CEVAP /TALEP :Davalı vekili dava dilekçesinde özetle; davacı-alacaklı ile müvekkili arasında yapılan sözleşme çerçevesinde müvekkiline ait araçta bazı tadilat işleri gerçekleştirildiğini, taraflar arasında kararlaştırılan bedelin ———– kısmının iş başlangıcında davacı-alacaklı tarafın hesabında yatırıldığını, kalan kısım bakımından ise iş bitiminde ödeme yapılacağı konusunda anlaşmaya varıldığını, ancak davacı tarafın anlaşma gereği yapması gereken işleri tam olarak yapmadığını, sözleşmeye uymadığını, davacı tarafın hem sözleşmeye aykırı davrandığını, hem de müvekkiline ait aracı onarmak yerine daha fazla zarar verdiğini, müvekkilinin ihale kaybetmesine sebebiyet verdiğini ve haksız bir şekilde takip başlatarak sebepsiz zenginleşmek istediğini, bu nedenlerle müvekkili hakkında açılan itirazın iptali davasının reddine, takibin haksız ve kötü niyetli olan alacaklı hakkında takip konusu alacağın %20’sinden az olmamak kaydıyla tazminata mahkum edilmesini, yargılama giderleri ve vekalet ücretinin karşı tarafa yükletilmesin savunmuştur.
DELİLLER: ——— sayılı dosyası , ————– dosyadaki diğer bilgi ve belgeler.
DEĞERLENDİRME VE SONUÇ:
Dava , İtirazın İptali ve tazminat (Ticari Satından Kaynaklanan) istemine ilişkindir.
Mahkememizce dilekçeler aşaması tamamlanmış ve usulüne uygun olarak yapılan davet sonucunda duruşma açılarak ön inceleme duruşması icra edilmiştir. Davacı vekilinin beyanına göre tarafların sulh yoluyla çözüme gitmek istememeleri üzerine davaya konu uyuşmazlık belirlenmek suretiyle tahkikata geçilmiş ve tüm deliller incelenerek aşağıdaki sonucuna gidilmiştir.

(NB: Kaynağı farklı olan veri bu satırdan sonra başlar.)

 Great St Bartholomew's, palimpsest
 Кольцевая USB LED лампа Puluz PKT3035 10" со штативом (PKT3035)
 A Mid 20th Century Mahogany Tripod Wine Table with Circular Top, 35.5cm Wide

2004 Sayılı İİK.’nın 67.maddesi; ————– Takip talebine itiraz edilen alacaklı, itirazın tebliği tarihinden itibaren bir sene içinde mahkemeye başvurarak, genel hükümler dairesinde alacağının varlığını ispat suretiyle itirazın iptalini dava edebilir. ————– Bu davada borçlunun itirazının haksızlığına karar verilirse borçlu; takibinde haksız ve kötü niyetli görülürse alacaklı; diğer tarafın talebi üzerine iki tarafın durumuna, davanın ve hükmolunan şeyin tahammülüne göre, red veya hükmolunan meblağın————– yüzde yirmisinden aşağı olmamak üzere, uygun bir tazminatla mahkum edilir. İtiraz eden veli, vasi veya mirasçı ise, borçlu hakkında tazminat hükmolunması kötü niyetin sübutuna bağlıdır. ————Birinci fıkrada yazılı itirazın iptali süresini geçiren alacaklının umumi hükümler dairesinde alacağını dava etmek hakkı saklıdır.————- Bu Kanunda öngörülen icra inkar tazminatı, kötü niyet tazminatı ve benzeri tazminatların tespitinde, takip talebi veya davadaki talep esas alınır.” hükmüne amirdir.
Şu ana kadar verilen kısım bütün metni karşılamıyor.